Миф складывается о людях из поколения "недо", точнее, само "недо" и образует тему и почву мифа. Но ведь так можно было бы сказать о многих российских поколениях, через жизнь которых прошло и преждевременно ее оборвало огромное НЕДО. Почти все российские мифы, от Пушкина до Есенина, и далее до Высоцкого и Венедикта Ерофеева, - о людях, "что ушли недолюбив, недокурив последней папиросы". Именно "недо" и обнаруживает
возможность мифа, как некоей идеи, которая не успела стать реальностью
и потому брезжит вечным символом. Писатель становится мифом, потому,
что недожил, недописал, недовыразил себя, - так, во всяком случае, мы
чувствуем о нем и за него. "Умер - и унес свою загадку с собой, а нам ее
теперь разгадывать". Оттого-то наряду с Пушкиным мы имеем еще миф о
Пушкине: то пушкинское, что не воплотилось в самом Пушкине, живет
теперь и вне самого Пушкина. Оно не свершилось в одной биографии, зато
свершается во всей последующей русской культуре, свершается с
Лермонтовым и Достоевским, с Ахматовой и Набоковым.. То,
что недовоплотилось во времени, сгущается в вечный образ.
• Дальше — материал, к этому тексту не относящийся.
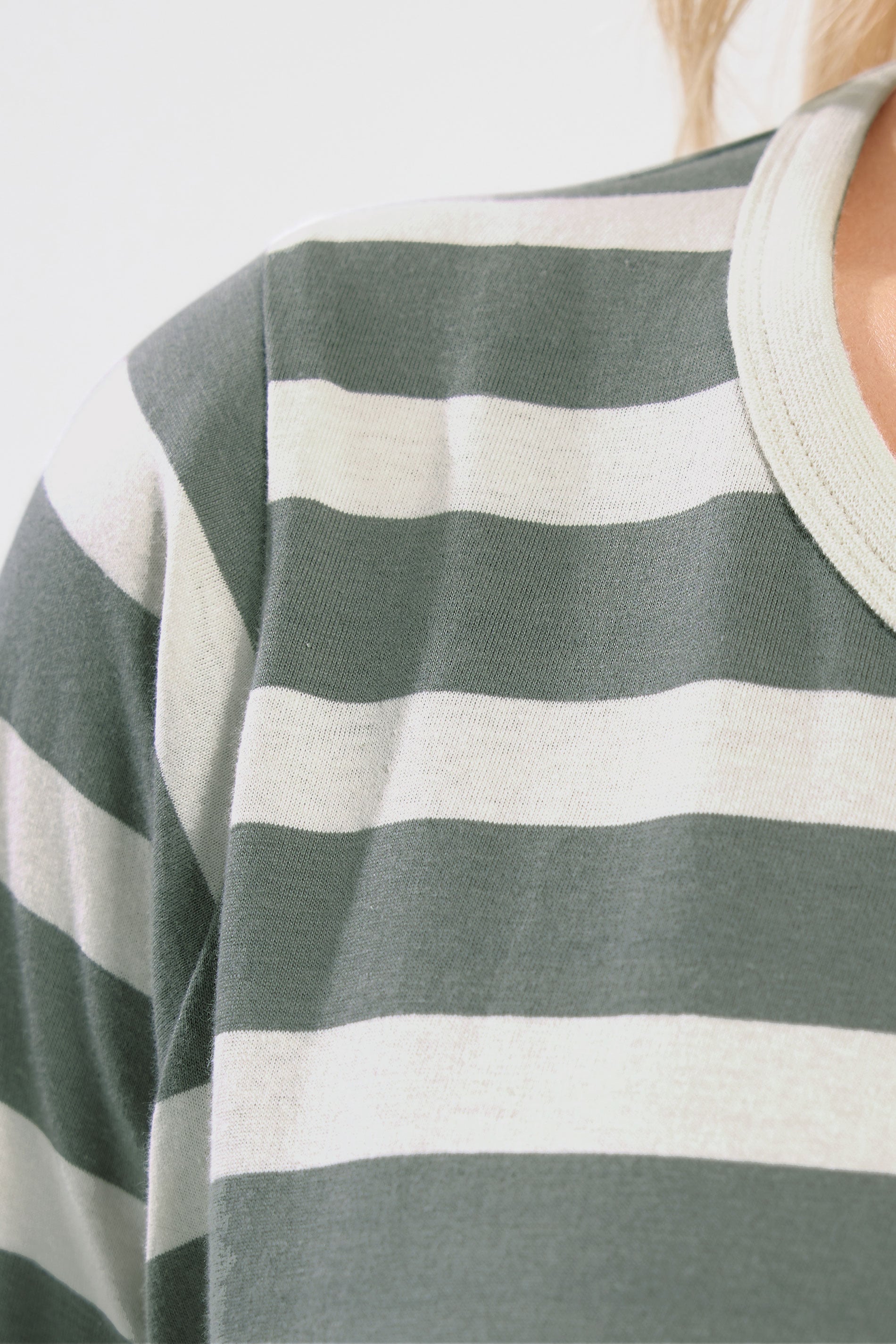 YOURS Plus Size Sage Green Stripe Long Sleeve T-Shirt | Yours Clothing 4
В культуре можно различить два ряда: актуальностей и потенций. То,
что реализовалось, становится историей культуры. А то, что не
реализовалось, но как-то заявило о себе, оформилось хотя бы зачаточно,
становится ее мифом. Миф - воздаяние за недожитое... [9]
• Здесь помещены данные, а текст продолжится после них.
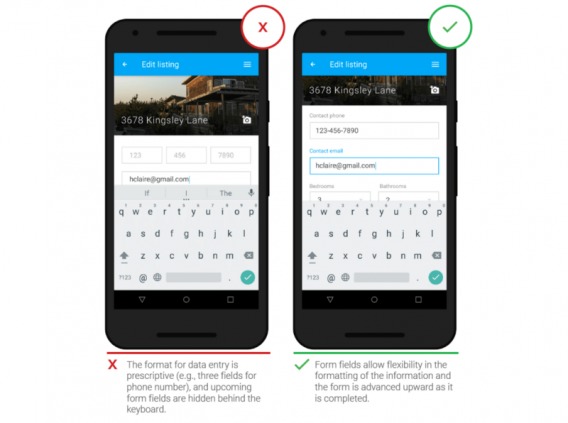 przykład formularza mobilnego z fokusem na pole.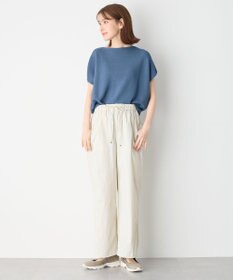 ANY L 【洗濯機可/アンチピリング/UVカット】アクリルガーターフレンチスリーブニット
Заметим в заключение, что у недо также богатые теологические возможности. На основе позитивно-негативного смысла этой приставки могут сочетаться два метода, развитые в христианской теологии. Катафатическая, или утвердительная теология более рациональна, она описывает Бога таким, каким мы Eго знаем и каким Он явил нам Себя: Творец, Свет, Разум, Слово... Апофатическая, или отрицательная теология (основатель - Псевдо-Дионисий Ареопагит, 6 в. н. э.), напротив, более мистична, она отрицает применимость к Богу каких-либо наименований и определений и открывает путь "знающего незнания", "умного молчания" о Боге. [10] Совмещение этих двух методов как раз и может выражаться в "недо": не просто говорить и не просто молчать o Боге, а каждым словом недоговаривать, каждым именем недоименовывать, т. е. соединять "не и "до" в каждом акте богомыслия, а не разделятъ их на отдельные методы.
1987, 2002
_______________________________________________________________
Примечания
1. Словарь русского языка ("Малый академический"), М., изд. Академия наук
СССР, Институт русского языка, гл. ред. А. П. Евгеньева. М., Русский язык,
1981-1984, тт. 1-4, т. 2, с. 434.
2. Здесь и далее все примеры высказываний принадлежат автору.
3. В.О. Ключевский. Курс русской истории. Лекция XVII.
4. Ф. М. Достоевский. Подросток, ППС, Л., Наука, 1975, т. 13, 453.
5. Н. В. Гоголь. Выбранные места из переписки с друзьями. гл. ХХУ11, "Близорукому приятелю". Собр. соч.. в 7 тт., т.6, М., Художественная литература", 1986, с. 299.
6. Материалы для физиологии русского общества. Маленькая хрестоматия для взрослых. Мнения русских о самих себе. Собрал К. Скальковский. СПб., типография А. С. Суворина, 1904, с.132.
7. Илья Кабаков. Жизнь мух. Kolnischer Kunstverein. Edition Cantz, 1991, с. 86.
8. Брихадараньяка Упанишада. Антология мировой философии в 4 тт., М., "Мысль", 1969, с. 82.
9. Подробнее о ерофеевском мифе и роли "недо" в его сложении см.
Михаил Эпштейн. После карнавала, или Обаяние энтропии, в его кн. Постмодерн в России: литература и теория. Москва, ЛИА Р. Элинина, 2000, сс. 254-273. О диалектике "все" и "ничто" в культуре см. там же, сс. 85-104, 226-230.
10. По мнению В. Н. Лосского, крупнейшего православного богослова 20-го века, "апофатизм является основным признаком всей богословской традиции Восточной Церкви". Владимир Лосский. Очерк мистического богословия восточной церкви. М., Центр СЭИ, 1991.